At the same time, these industries and other assemblages include as part of their (partially) working systems, elements in which an author, the author, authors, and other makers are adjudicated, manufactured, brought into being, misrecognized, and even sometimes rewarded.

To make an author requires a lot of erasure, deflection, humility, and distain, and is possible only when many people collaborate to make it happen. Even the most independent zine maker or scribe depends on materialities that cannot be created individually.

Not that authoring isn't hard work for individuals, as well as these collectivities.

Bearing the burden of the social maker is extraordinary – in all its facets of action, thought, contemplation, imagination, connection, symbol, and hope.

It's not just that some people, skills and things don't get their share of recognition, but rather that we don't collectively understand how making works. We make it expensive to try to understand this. Sometimes the cost is being able to make something we need and don't have.

We think ideas are the important part. At the expense of all the work to communicate ideas. We think communication is the important part. At the expense of all the collective work in which ideas come into being, over time, and through communities and possibilities.

We make knowledge products, like books, which circulate. Sometimes the venues of circulation are hostile, sometimes friendly, sometimes so heterogeneous they can't be characterized, sometimes small, or large or unexpected or newly created through this very circulation itself. Sometimes circulation never happens, sometimes it happens in some other future or venue, unknowable in some moments.

Tuesday, August 22, 2006

should writing be deceptively simple?

Recently I encountered a set of admonishments to better writing. Partly my presentation here has elements of a debunking exercise, but actually, I do also want to take this list seriously too. Anyway, debunking is itself an activity that is interestingly problematic. So I do want to take all this seriously enough to wonder which of these admonishments to take to heart, which ones to respond to in some form, I'm not sure what, which ones to dismiss as improper. I want to ask others to help to analyze them together with or maybe apart from the points Warner makes (previous post).

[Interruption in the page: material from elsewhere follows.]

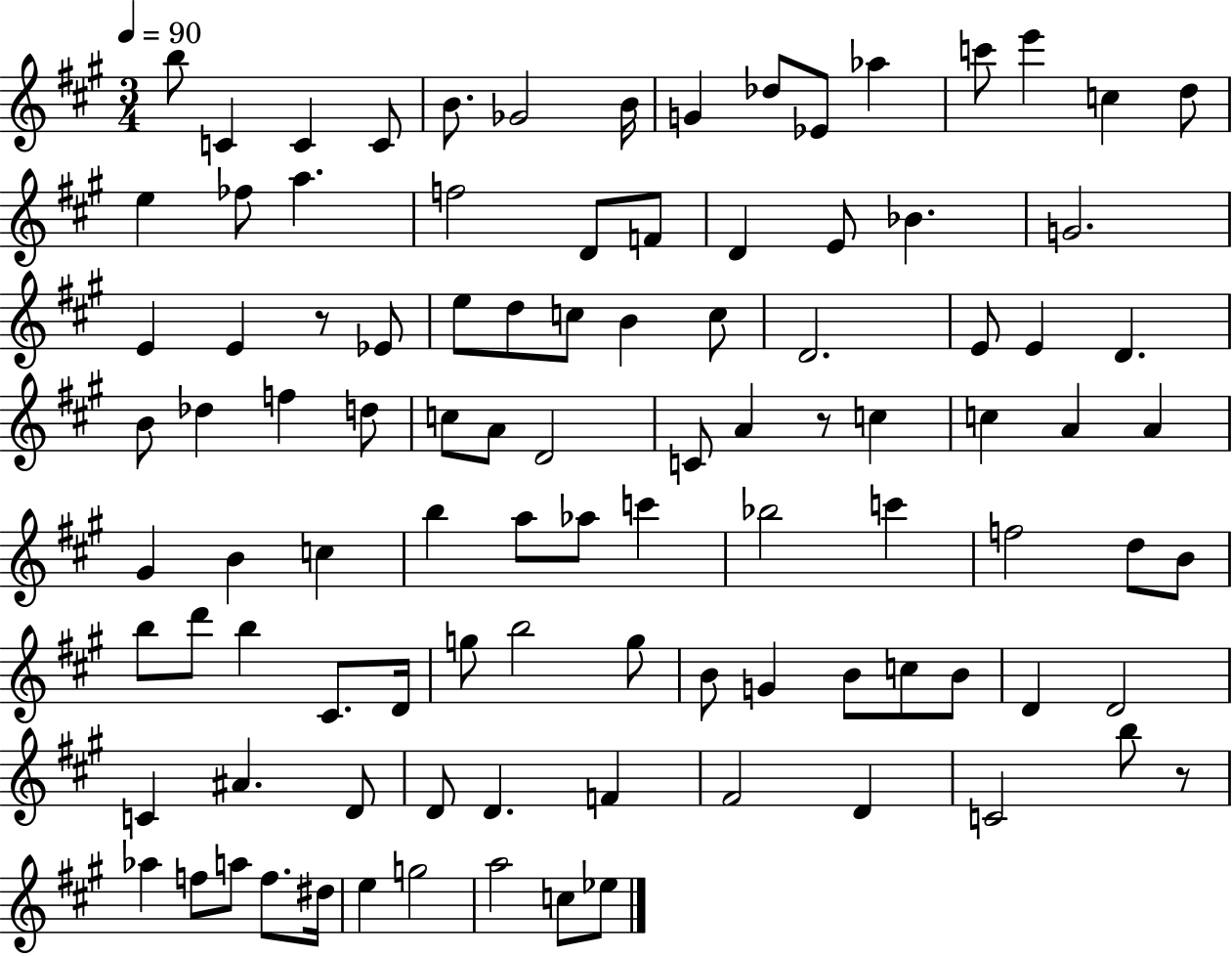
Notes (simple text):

B5/e C4/q C4/q C4/e B4/e. Gb4/h B4/s G4/q Db5/e Eb4/e Ab5/q C6/e E6/q C5/q D5/e E5/q FES5/e A5/q. F5/h D4/e F4/e D4/q E4/e Bb4/q. G4/h. E4/q E4/q R/e Eb4/e E5/e D5/e C5/e B4/q C5/e D4/h. E4/e E4/q D4/q. B4/e Db5/q F5/q D5/e C5/e A4/e D4/h C4/e A4/q R/e C5/q C5/q A4/q A4/q G#4/q B4/q C5/q B5/q A5/e Ab5/e C6/q Bb5/h C6/q F5/h D5/e B4/e B5/e D6/e B5/q C#4/e. D4/s G5/e B5/h G5/e B4/e G4/q B4/e C5/e B4/e D4/q D4/h C4/q A#4/q. D4/e D4/e D4/q. F4/q F#4/h D4/q C4/h B5/e R/e Ab5/q F5/e A5/e F5/e. D#5/s E5/q G5/h A5/h C5/e Eb5/e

So, here are the instructions recreated as a list of ideological assumptions, for examination, possibly analysis, maybe debunking, or even embrace:

1. To be complex and interesting, writing actually needs to be clear and deceptively simple.
2. The laying out of concepts needs to be done only once. The vocabularies need to be set only once.
3. Do what you set out.
4. Quit delaying and displacing.
5. Get yourself out of there.
6. Be felt instead of seen.
7. Let the writing perform you instead of insisting on your presence by making yourself the subject of the text.
8. If you love your teachers’ work, take it further, don’t waste time telling us what your relation to them or it is.
9. Bring joy in ideas and connections instead of quotes.
10. Demonstrate instead of declaring.
11. Use instead of presenting.
12. Make the terms and concepts mean something by playing them out through analysis of the specimen texts.
13. Make the writing produce the emphasis instead of italics.
14. Quit coining terms.
15. Consider the ideological impasses of taxonomy.
16. Respect your readers.
17. Don’t worry about being a critic or an academic. Capitalist or not, there is still a place for intellectual activity and intervention.

style, membership, future publics and the burden of world-making

For about the last fifteen years I have been more and more concerned about ideologies of clarity and accessibility. Folks who know perfectly well that one way to describe ideology is as common sense assumptions about everyday practices seem to take the clear and accessible as unproblematic goods.

A few days ago I googled "critiques of clarity and accessibility" to see if others were working on what might be problematic about these and related terms and assumptions. But there were no critiques of these terms. Clarity and accessibility were over and over always the solutions to various other critiques, not subjects of analysis themselves.

The best discussion of this subject I've come across myself is Michael Warner's essay "Styles of intellectual publics" in the book Just Being Difficult? Academic writing in the public arena (Stanford 2003). Here are bits from this essay I find most helpful in beginning to consider histories and ideologies of clarity and accessibility.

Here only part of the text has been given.